Di alun-alun Kota Magelang terdapat patung Pangeran Diponegoro sedang
berkuda. Saya sudah terkesima dengan patung ini bahkan ketika baru
lancar membaca. Apa hubungannya patung ini dengan bacaan? Karena sebuah
tulisan di bawahnya: turangga titihan sekaring bawana. Artinya: kuda tunggangan kembang dunia! Saya terpana pada kalimat itu.
Di kali yang lain, di alun-alun ini saya pernah kehabisan uang dan
kelaparan. Patung itulah yang menggugah saya dengan semangatnya. Dalam
pandangan saya waktu itu, patung ini adalah karya seni yang sempurna.
Kuda itu gagah sekali. Jika kudanya saja gagah, apalagi penunggangnya.
Itulah Pangeran Diponegoro, tokoh yang namanya memaksa penyair seangkuh
Chairil Anwar harus menulis sajak untuknya. Tokoh yang makamnya amat
jauh dari kota kelahirannya. Saya pernah berziarah di makam itu, di
Makasar sana dan merenung: hidup dan mati memang sedekat urat leher.
Tapi jarak antara tempat kelahiran dan tempat kematian bisa seluas
samudera.
Di patung itu, Pangeran tampak gagah di atas kuda, matanya tajam sambil
jarinya menunjuk ke kejauhan. Itulah jari yang barangkali sedang
menuding preman-preman pribumi yang mematoki tanah saudaranya sendiri
atas perintah Kumpeni. Dan meskipun Diponegoro menunjukkan kemarahnnya
sejak tahun 1825 atas premanisme, watak itu masih merajalela hingga
kini.
Pemilik jari itulah yang di Magelang, mencium untuk pertama kali bahaya
pejajahan. Penciuman semacam itulah yang saya sebut sebagai visi. Tapi
meksipun indera penciuman atas pejajahan itu telah ia ajarkan sejak
lama, keterjajahan masih berlangsung hingga kini. Karena harga yang
jatuh di pasar bursa Amerika, rupiah pula yang ikut menangung derita.

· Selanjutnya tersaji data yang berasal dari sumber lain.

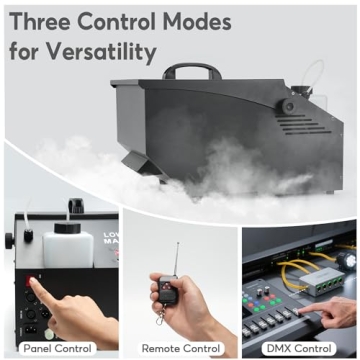 Low Lying Fog Machine, 1500W Dry Ice Fog Machine Fog Chiller Ground Fogger Outdoor and Indoor w/Remo...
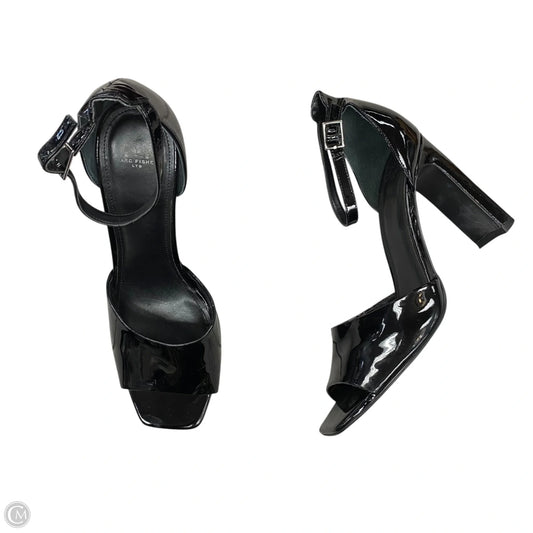 Sandals Heels Block By Marc Fisher In Black, Size: 9.5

Kita yang memiliki tambang, tetapi kepada kita cuma kebagian bagi
hasilnya.
Kita kembali pada kalimat itu, turangga titihan sekaraning bawana,
kuda tungangan sang kembang jagat itu. Pada imajinasi saya watu itu,
turangga adalah pihak yang menjadi daya tarik pertama saya. Terlebih
lagi kalimat ini memang mendahulukan sang kuda katimbang penunggangnya.
Ada apa dengan kuda, pikir saya. Oo, bukan sembarang kedua, melainkan
kuda tunggangan seorang kesatria yang menggemparkan Indonesia. Seorang
yang lahir dari desa kecil tetapi harus membuat Belanda menguras brankas
untuk membiaya sebuah perang yang melelahkan. Diponegoro memang kalah,
tetapi tak surut kekaguman saya kepadanya karena selalu ada kekalahan
yang juara. Dan kepada para juara, ada kehormatan penuh yang siaga
senantiasa.
Dan sang Juara itu telah memilih kudanya. Ia seperti Michael Scumacher
yang yang telah memilih mobil Formulanya. Bahkan kursi kemudinya pun
pasti layak dikoleksi. Maka patung kuda itu bisa tetap berlama-lama.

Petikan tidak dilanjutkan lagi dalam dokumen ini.